Dans une tribune publiée dans Le Télégramme, Marc Le Fur, député des Côtes-d’Armor, conseiller régional de Bretagne, vante la maison individuelle y compris en matière d’écologie. Pourquoi pas ? Encore faudrait-il éviter les facilités de la démagogie : c’est bien commode de s’en prendre aux élites parisiennes, d’opposer les métropoles maléfiques aux ruralités sans taches, les élucubrations intellectuelles au bon sens paysan. Ça m’a un peu agacé.
La tribune est en accès libre
Lisez cette tribune, ça semble du bon sens et pourtant…
Le peuple contre les élites?
La tribune commence très fort : Les élites parisiennes ont un jour décidé que la maison individuelle était condamnable et donc condamnée. Et un peu plus loin, Le Fur clarifie sa pensée : Et si, une fois de plus, le peuple avait raison contre les pseudo élites Les élites ne sont même plus des élites (quelle déchéance!) et le peuple (le vrai, sans aucun doute) lui a forcément raison, car le peuple, par nature, sait tout, sans avoir rien appris.

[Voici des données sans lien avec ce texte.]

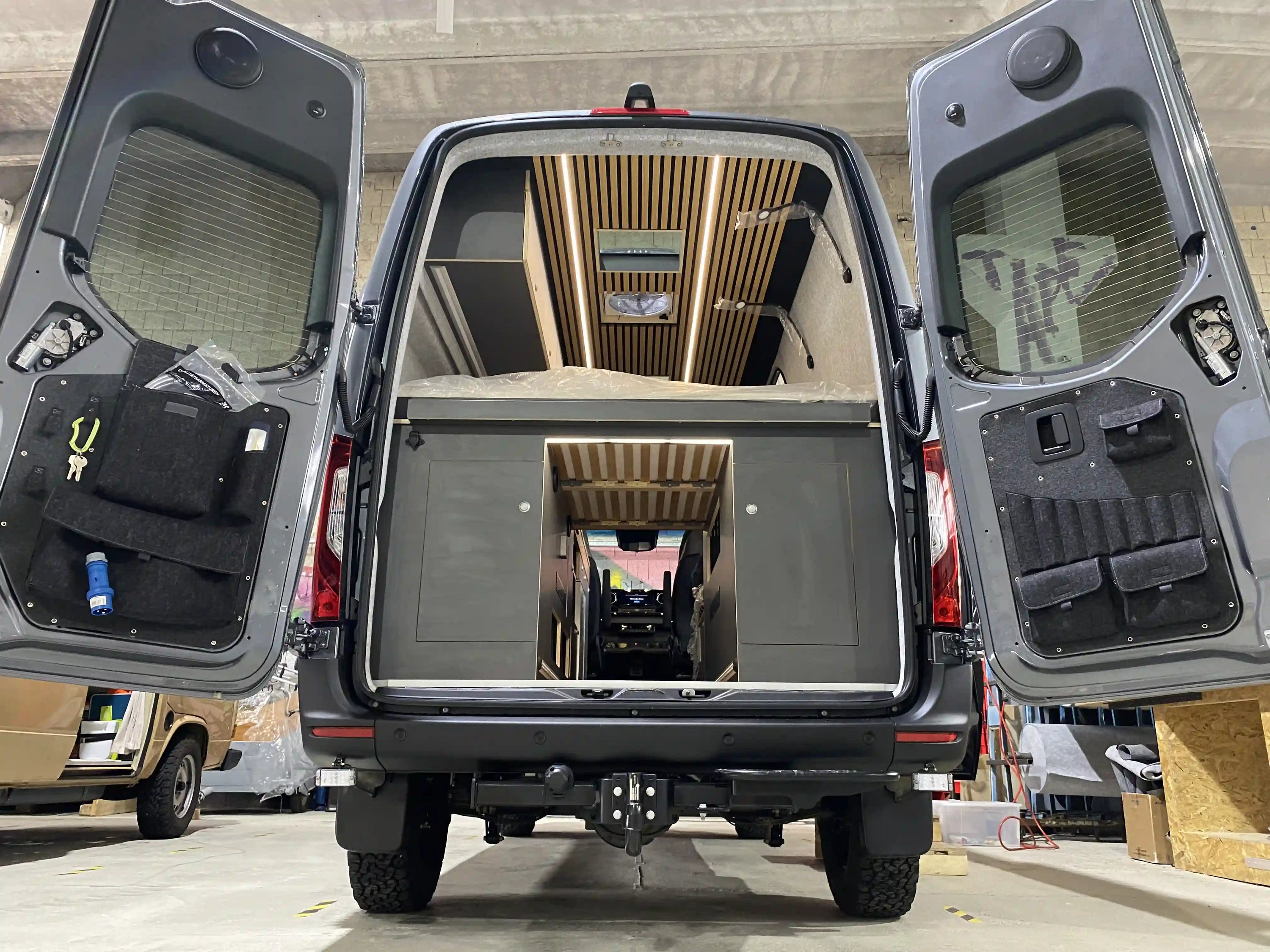 Poches de rangement arrière pour Mercedes Sprinter W907, côtés gauche et droit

La musique populiste est bien connue; on la connaît en fanfare dans les manifestations de gilets jaunes ou de bonnets rouges, en sourdine comme ici, où elle se joue comme la douce voix du bon sens. Un bon sens qui dispense de s’informer, qui flatte l’ignorance contre le savoir.
Authentique représentant du peuple?
Oui, c’est vrai, l’ENA, l’école nationale d’administration, est née, en 1945, de l’idée gaullienne d’une fonction publique très qualifiée, mais indépendante de la haute bourgeoisie dont les enfants peuplaient les ministères et administrations. Mais, peu à peu, l’élan démocratique impulsé à la fois par le communiste Maurice Thorez et le gaulliste Michel Debré, s’est essoufflé : les énarques sont devenus comme une noblesse d’État, que Pierre Bourdieu a bien analysée dans un livre monumental (près de 600 pages!) Mais savez-vous d’où vient ce pourfendeur des élites parisiennes ? Consultez sa biographie ci-dessous.

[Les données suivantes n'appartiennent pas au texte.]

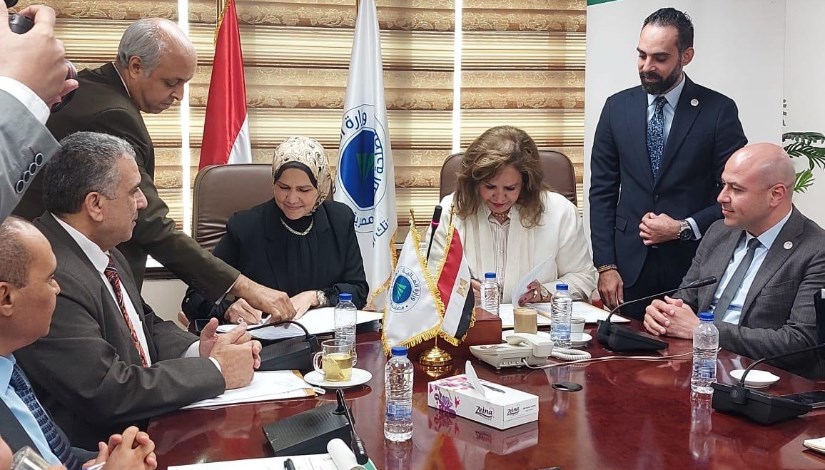 جانب من توقيع البروتوكول جانب من توقيع البروتوكول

M. Le Fur, tribun du peuple, est un haut fonctionnaire, biberonné à Sciences Po, sorti de l’ENA en 1983. D’abord sous-préfet en Côtes d’Armor, il gravite dans les hautes sphères de l’administration (cabinet d’Édouard Balladur, etc), avant de se parachuter dans une circonscription rurale. On ne dira pas de lui qu’il a encore de la bouse à ses sabots ! (photo CC)
Un député hors-sol ?
Hors-sol, comme les porcheries dont il s’est fait le défenseur acharné ? Eh oui, notre député chantre de la ruralité profonde est peut-être bien un député hors-sol. Car, s’il connaissait de près la réalité du terrain qu’il prétend labourer, oserait-il parler dans sa tribune du petit jardin qui permet de produire ses légumes ? Non, il suffit de parcourir les lotissements de pavillons individuels qui lui sont si chers pour se rendre compte que désormais les potagers ont cédé l’espace à des jardins décoratifs, ornés de plantes exotiques (oliviers, palmiers, etc) quand ils ne sont pas devenus de simples aménagements paysagers, figés, sans vie et sans âme.
Un débat qui mérite mieux
Plutôt que de flatter les électeurs en leur servant des idées toutes faites, il faudrait nous aider à réfléchir collectivement à la complexité du réel. Sur ces deux points parmi d’autres :
– il faut plus de logements parce que notre population s’accroît (notre région attire), parce que la taille des ménages diminue (de 3,1 personnes en 1968 à 2,2 en 2020)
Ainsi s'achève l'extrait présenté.